I knew her circuitously through Debbie Reynolds,
for whom I wrote an autobiography (in collaboration with her of
course)
in the late
1980s. Debbie and Janet were both stars on the Metro-Goldwyn-Mayer
lot when they were in their late teens. Their mentor, Lillian
Burns Sidney, who was instrumental in hiring me to write Debbie’s
book, was for years the “acting coach” at Metro.
I put quotations around the term because there were a number
of stars
who took issue with her methods of coaching.
Nevertheless, “Burnsie,” as she was affectionately
known to the stable of “more stars than there are in heaven” had
the very respectful ear of Mr.
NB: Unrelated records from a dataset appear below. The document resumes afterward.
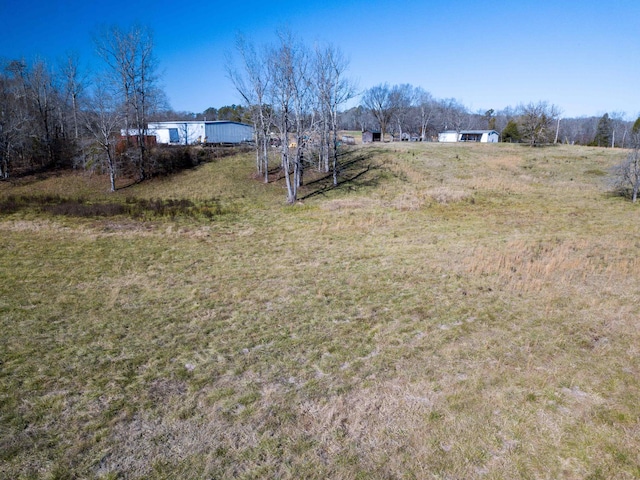 view of yard with a rural view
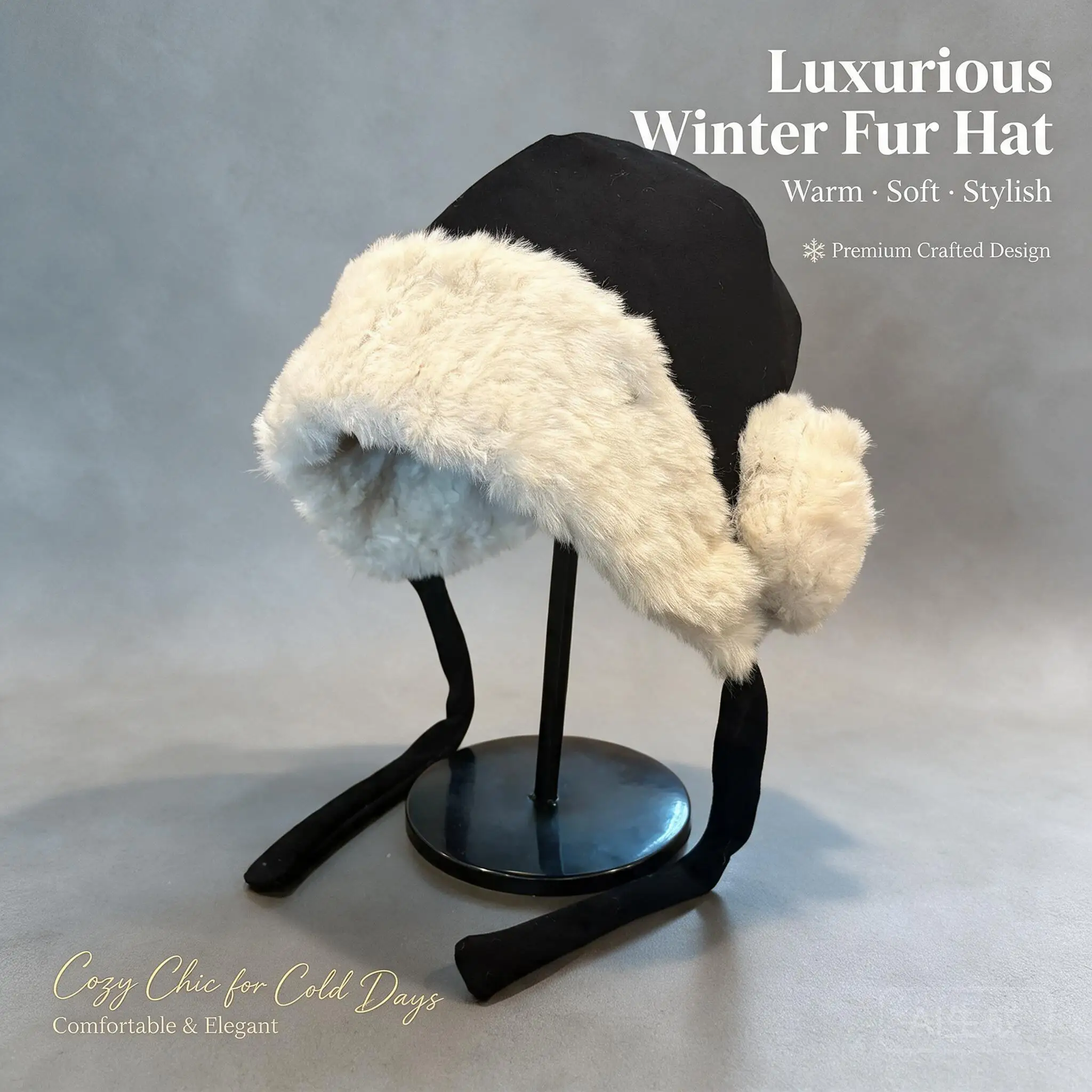 Unisex Winter Warm Thick Polyester Plush Lined Trapper Ushanka Hat Ear Flaps Adjustable Windproof Biking Skiing Snow Outdoor Use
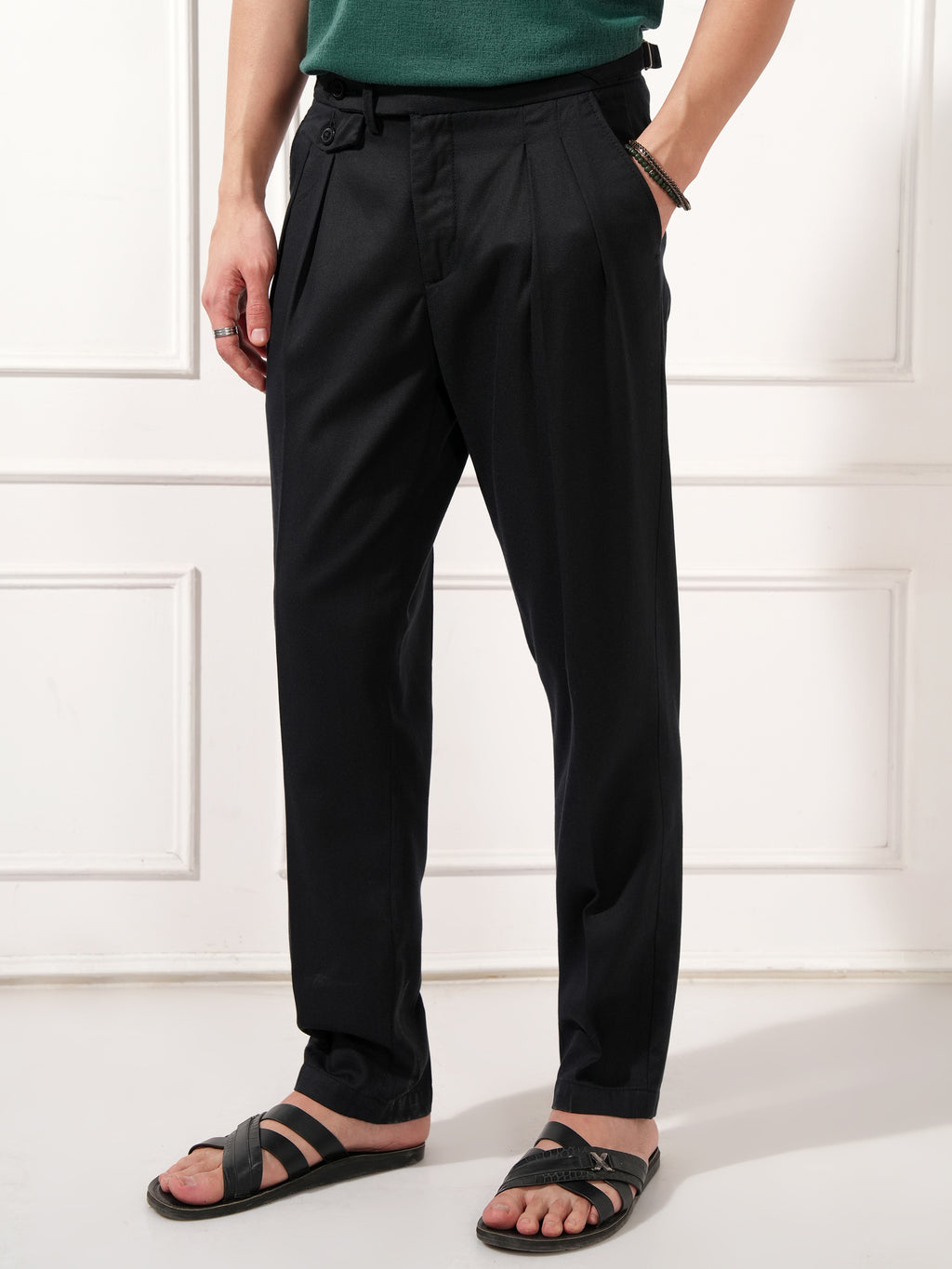 Highlander Men Black Relaxed Fit Solid Casual Trouser - Black - Image 4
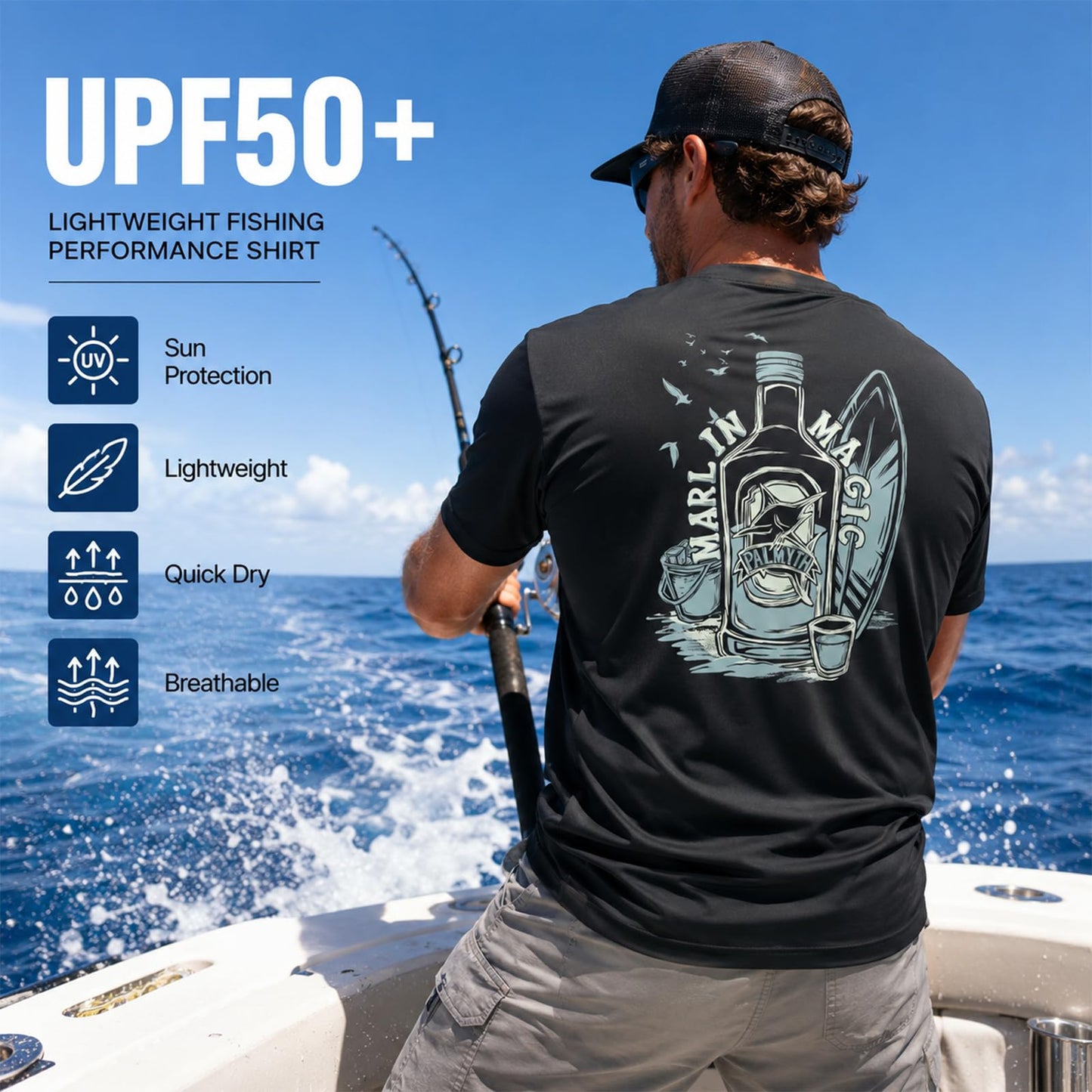 Palmyth Fishing Shirts for Men Short Sleeve UPF 50+ Quick Dry Graphic Tee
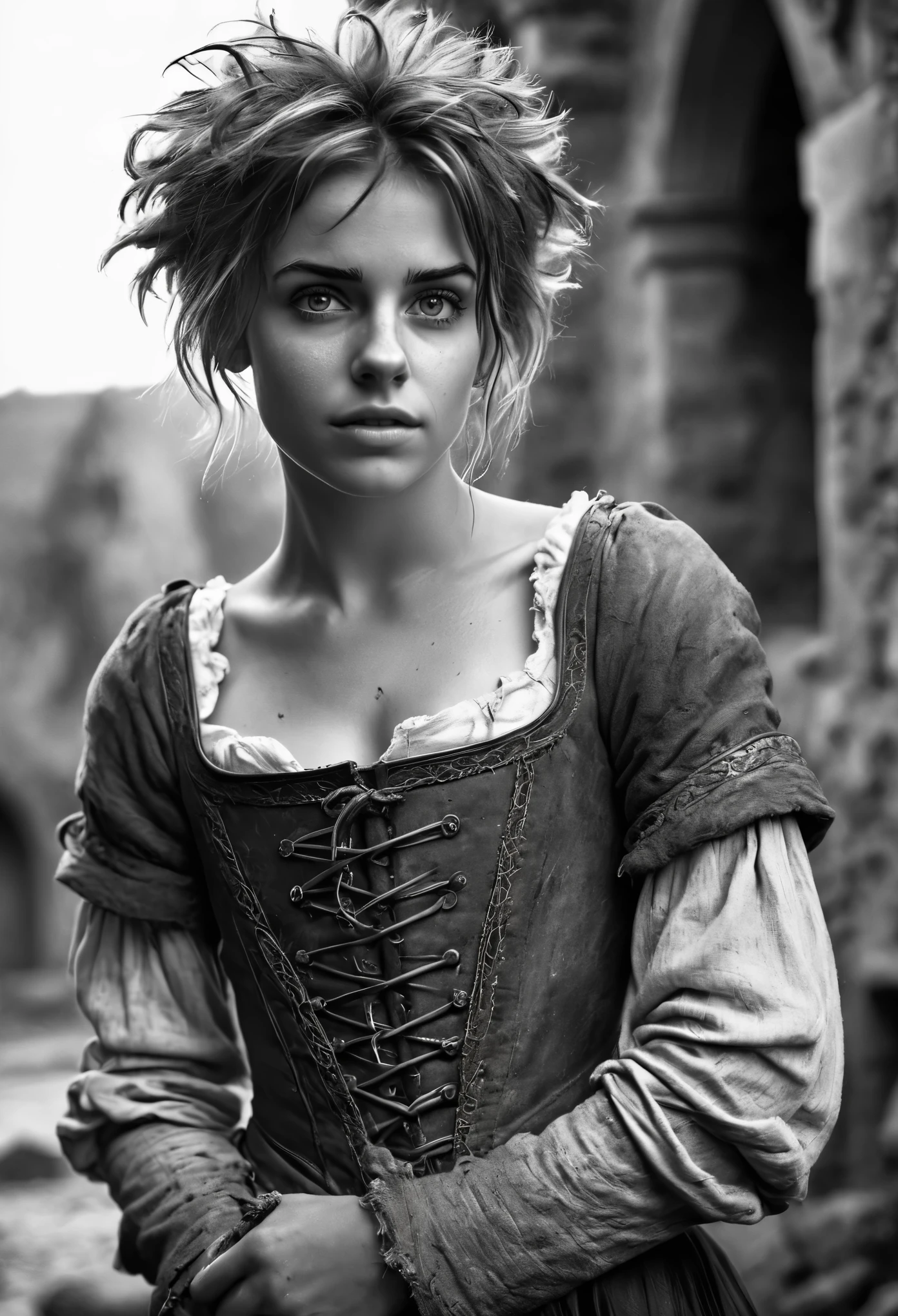 Photorealistic, cute woman with messy hair and poor tattered clothes, cute sexy, (detailed medieval background), ultra sharp focus, detailed face, (((posing))),  random hair color, short hair, beautiful eyes, full body, high quality black and white analog photo,  depth of field, film grain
Mayer, as he was referred to by
all who worked for him, and because of that for many many years
she was the highest paid (earning $100,000 in the 1940s – more
than a million in today’s dollars) and most powerful
woman executive in Hollywood (late 30s through the early 50s).
As the
wife for three decades (40s, 50s, and 60s through the early
70s) of director George Sidney, she wielded a social power
in the
film community too.
George Sidney dumped Lillian very unceremoniously after the
death of their friend Edward G. Robinson, and married his widow
Jane.
Jane had been a receptionist here in New York for a designer
named Nettie Rosenstein who catered to society and movie stars.
The first
Mrs. Robinson, Gladys, who, like a lot of Hollywood women,
used to come East to buy her wardrobes, and took a liking to
Jane whom
she invited to visit her and her husband in Beverly Hills.
Jane accepted the invitation and ultimately moved in, ending
the first
Robinson marriage.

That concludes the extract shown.